CHRONIQUE DE WATHIE
La symphonie n’a pas été au bout. Comme le dirait un adage wolof, le tambour, au contact de la hache, n’a retenti qu’une seule et unique fois. Avec une victoire inaugurale, un nul et une défaite, le Sénégal a été éliminé au premier tour de la coupe du monde Russie 2018. Toutefois, les joueurs d’Aliou CISSE n’ont pas à rougir (ou à davantage noircir) de leur parcours ou même à se remettre en question. Au Sénégal, l’échec n’est pas interdit. On peut se faire appeler lion et bêler comme un mouton, sans susciter l’indignation dans une société où la réussite est souvent attribuée à la chance ou au marabout.
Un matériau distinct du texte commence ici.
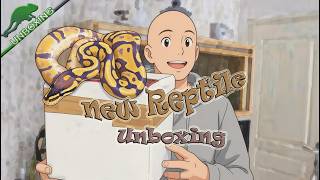 UNBOXING NEW REPTILE / BANANA BALL PYTHON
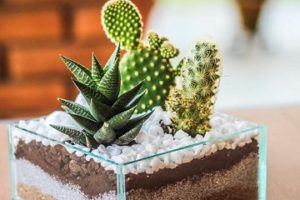 arreglos de cactus en vidrio decorativas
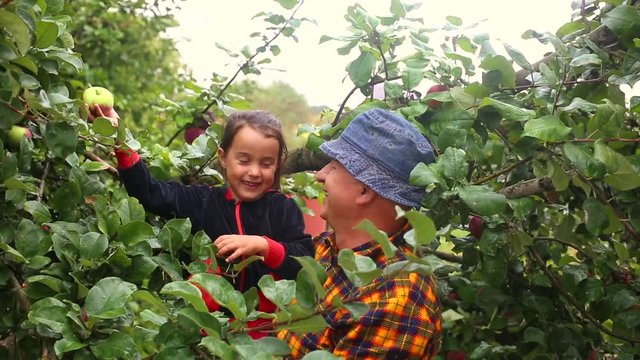 Portrait of grandfather in a hat and plaid shirt with his cute granddaughter sorting apples picking the harvest in the apple trees garden. Outdoor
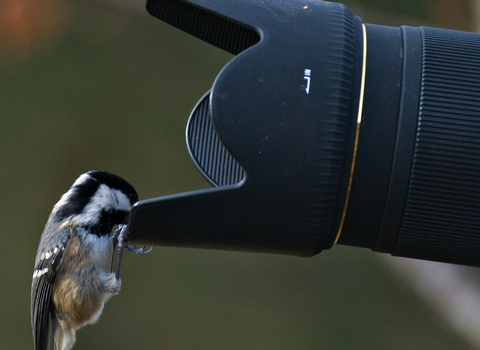 A Coal tit on the end of a camera lens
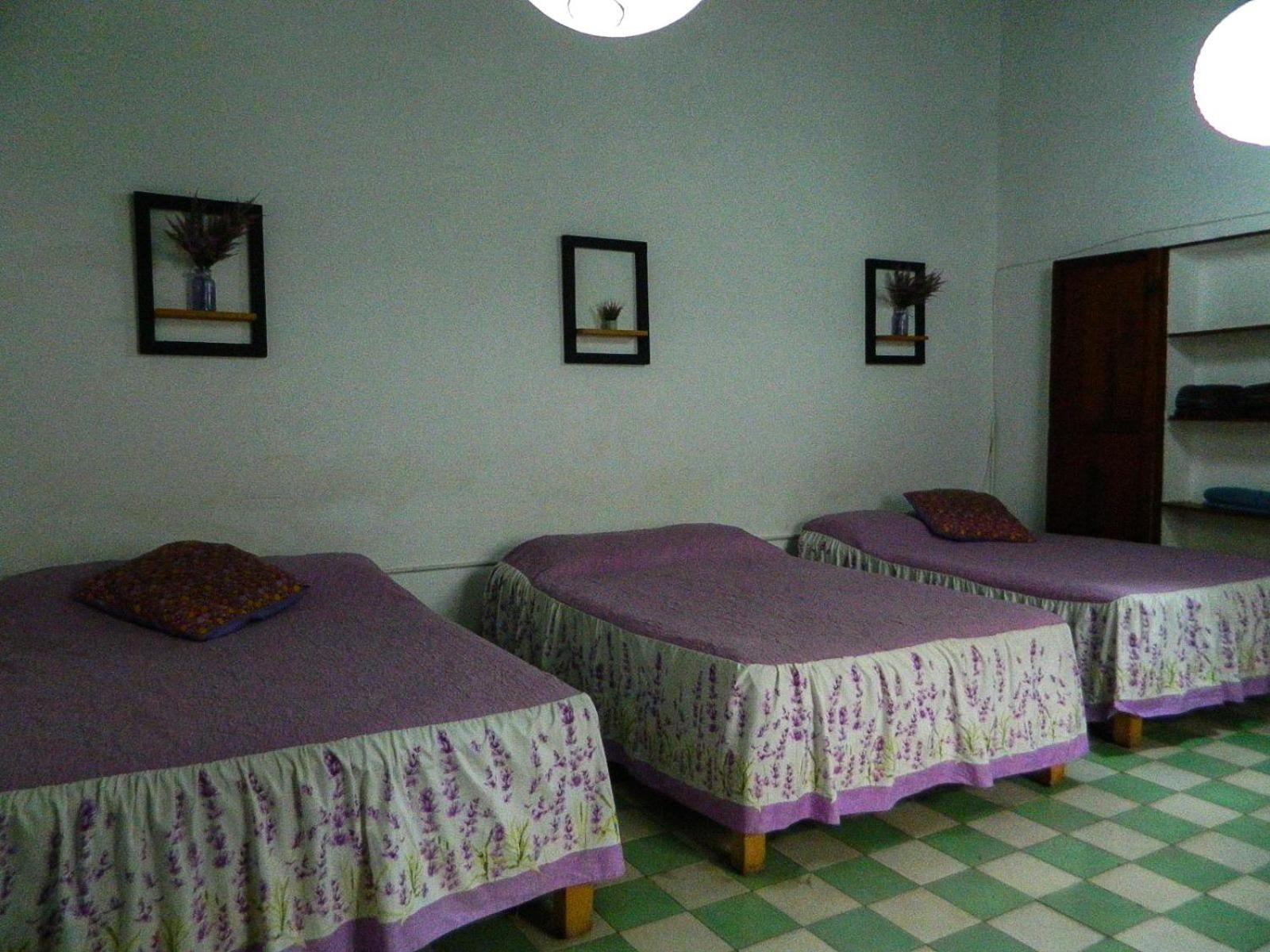 Lele Panchito Y Lavanda Juntos En El Centro Apartamento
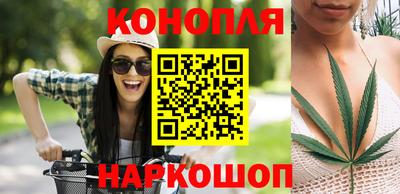 шишки Кинель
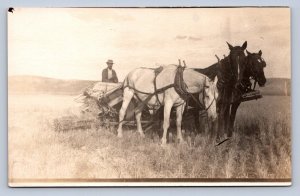 J89/ Interesting RPPC Postcard c1910 Harvest Scene Horse Farmer 544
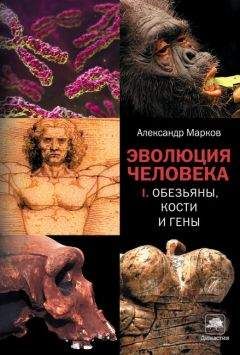 Александр Соколов - Мифы об эволюции человека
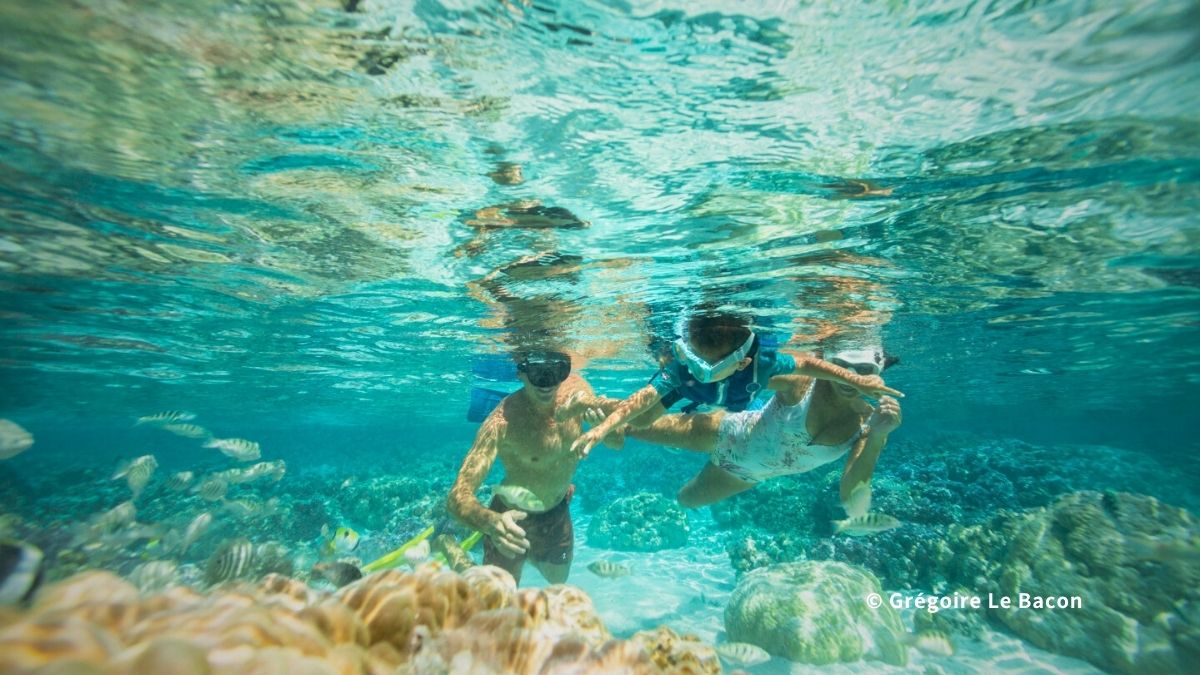 タハア島のコーラルガーデン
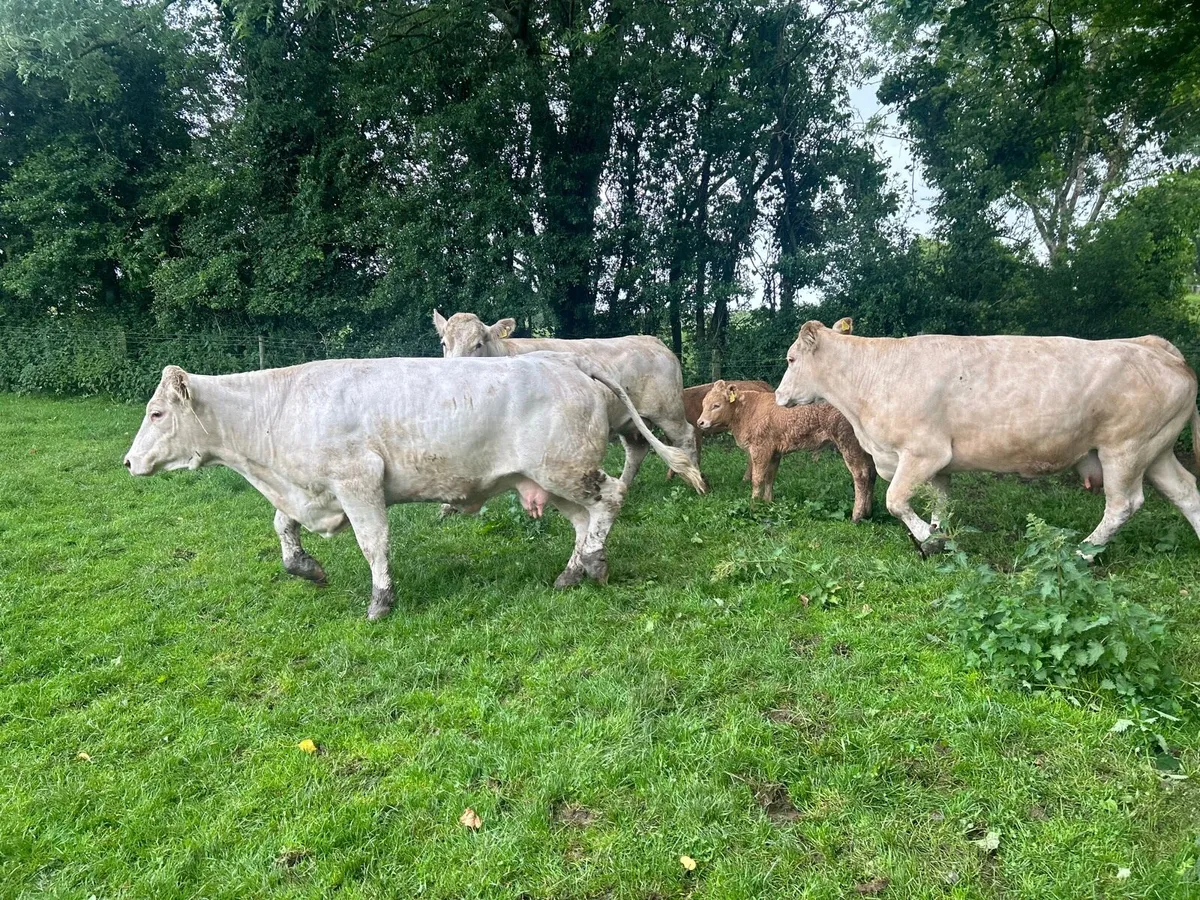 3 super  charlaois cows with orange  charlaois cal - Image 3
« Sur le terrain, vous avez fait preuve d’engagement physique incontestable, d’un mental de gagnant et d’un talent unanimement salués. Au nom de tout le peuple sénégalais, je vous félicite très vivement ». C’est, en substance, la réaction du président SALL après la défaite synonyme d’élimination du Sénégal. Même les présidents dont les pays sont d’ores et déjà qualifiés en quart de finale de la Coupe du monde n’ont été aussi dithyrambiques. Inspiré probablement par son ministre-conseiller, auteur de la chanson qui dit : « Niou daan la, gua melni ya daan » (on te vainc, tu te comportes comme si tu avais gagné), Macky SALL a mis le pied sur l’accélérateur. Et s’est retrouvé en dehors du terrain en attribuant à Sadio MANE et Cie des qualificatifs qu’il est le seul à avoir vus. A part le match contre la Pologne, les joueurs d’Aliou CISSE n’ont en aucun moment montré qu’ils méritent leur surnom de « Lion ». Ou alors, comme d’ailleurs les officiels ont tendance à le faire, y ajouter cet adjectif (de la teranga) qui n’a jamais qualifié le lion. Le « mental de gagnant », ils s’en sont départis après leur premier match. D’ailleurs, quel que soit le comportement de l’équipe sur le terrain, une défaite ne doit pas susciter des félicitations. D’autant que, le 24 mai dernier, quand le chef de l’Etat remettait le drapeau national à Cheikhou KOUYATE, son discours a été : « Faites autant, voire mieux que la génération de 2002…Vous avez l’impérieux devoir, à la suite de la génération de 2002, de hisser encore haut le nom et l’image du Sénégal à travers le monde. Vous en êtes capables…Vous en avez le potentiel et les moyens ! Toutes les sélections nationales se valent, car les joueurs qui les composent évoluent dans les mêmes championnats ». Macky SALL avait poursuivi en demandant aux joueurs de défendre « avec éclat, honneur et combativité notre pays qui a toujours su honorer ses rendez-vous avec l’Histoire ». Après l’élimination, Macky SALL ne peut distribuer des félicitations sans se retrouver totalement à côté de la plaque. Pour avoir porté un si violent tacle à la logique, il mérite, en plus d’un carton rouge, une interdiction de pratiquer le sport politicien qu’il a inventé.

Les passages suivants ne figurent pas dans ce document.